BlockManager.getPeers方法如下:
private def getPeers(forceFetch: Boolean): Seq[BlockManagerId] = {
peerFetchLock.synchronized {
val cachedPeersTtl = conf.getInt("spark.storage.cachedPeersTtl", 60 * 1000) // milliseconds
val timeout = System.currentTimeMillis - lastPeerFetchTime > cachedPeersTtl
if (cachedPeers == null || forceFetch || timeout) {
cachedPeers = master.getPeers(blockManagerId).sortBy(_.hashCode)
lastPeerFetchTime = System.currentTimeMillis
logDebug("Fetched peers from master: " + cachedPeers.mkString("[", ",", "]"))
}
cachedPeers //返回集群中除去当前发送消息的BlockManagerId和除去Driver的BlockManagerId外的所有BlockManagerId
}
BlockManagerMasterEndpoint.getPeers方法:
private def getPeers(blockManagerId: BlockManagerId): Seq[BlockManagerId] = {
val blockManagerIds = blockManagerInfo.keySet
if (blockManagerIds.contains(blockManagerId)) {
//过滤掉驱动的BlockManagerId和发送消息的BlockManagerId
blockManagerIds.filterNot { _.isDriver }.filterNot { _ == blockManagerId }.toSeq
} else {
Seq.empty //如果发送消息的节点还没有注册,则返回空序列
}
}
为了防止备份数据备份到对端节点后再备份进入死循环 ,BlockManager.replicate把要备份的数据块的存储级别设置为MEMORY_AND_DISK_SER。BlockManager.replicate方法会调用getRandomPeer从BlockManagerMasterEndpoint.getPeers方法返回的数组中 随机取出一个peer作为数据备份的节点,然后调用NettyBlockTransferService.uploadBlockSync将数据块发送到对端备份节点。BlockManager.replicate代码为:
private def replicate(blockId: BlockId, data: ByteBuffer, level: StorageLevel): Unit = {
val maxReplicationFailures = conf.getInt("spark.storage.maxReplicationFailures", 1)

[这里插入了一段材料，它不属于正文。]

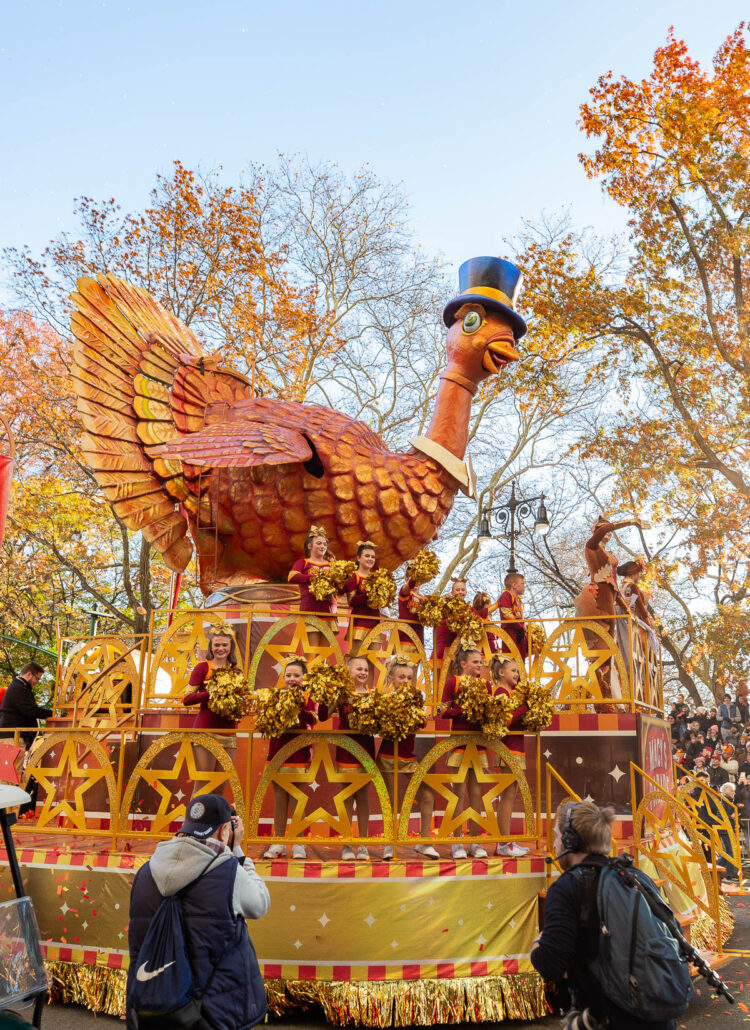Macy's Thanksgiving Day Parade 2023 Turkey Float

val numPeersToReplicateTo = level.replication - 1
val peersForReplication = new ArrayBuffer[BlockManagerId]
val peersReplicatedTo = new ArrayBuffer[BlockManagerId]
val peersFailedToReplicateTo = new ArrayBuffer[BlockManagerId]
/*
* 同步到对端的数据格式除将备份改成1之后其它都没有改变
* */
val tLevel = StorageLevel(
level.useDisk, level.useMemory, level.useOffHeap, level.deserialized, 1)
val startTime = System.currentTimeMillis
val random = new Random(blockId.hashCode)
var replicationFailed = false
var failures = 0
var done = false
// Get cached list of peers
peersForReplication ++= getPeers(forceFetch = false)
// Get a random peer. Note that this selection of a peer is deterministic on the block id.
// So assuming the list of peers does not change and no replication failures,
// if there are multiple attempts in the same node to replicate the same block,
// the same set of peers will be selected.
def getRandomPeer(): Option[BlockManagerId] = {
// If replication had failed, then force update the cached list of peers and remove the peers
// that have been already used
if (replicationFailed) {
peersForReplication.clear()
peersForReplication ++= getPeers(forceFetch = true)
peersForReplication --= peersReplicatedTo
peersForReplication --= peersFailedToReplicateTo
}
if (!peersForReplication.isEmpty) {
Some(peersForReplication(random.nextInt(peersForReplication.size)))
} else {
None
}
}
// One by one choose a random peer and try uploading the block to it
// If replication fails (e.g., target peer is down), force the list of cached peers
// to be re-fetched from driver and then pick another random peer for replication. Also
// temporarily black list the peer for which replication failed.
//
// This selection of a peer and replication is continued in a loop until one of the
// following 3 conditions is fulfilled:
// (i) specified number of peers have been replicated to
// (ii) too many failures in replicating to peers
// (iii) no peer left to replicate to
//
while (!done) {
//为了负载均衡随机取出一个peer作为数据备份的节点
getRandomPeer() match {
case Some(peer) =>
try {
val onePeerStartTime = System.currentTimeMillis
data.rewind()
logTrace(s"Trying to replicate $blockId of ${data.limit()} bytes to $peer")
/*
* 通过本地的NettyBlockTransferService或者NioBlockTransferService将数据块发送给对端的
* NettyBlockTransferService或者NioBlockTransferService服务
* */
blockTransferService.uploadBlockSync(
peer.host, peer.port, peer.executorId, blockId, new NioManagedBuffer(data), tLevel)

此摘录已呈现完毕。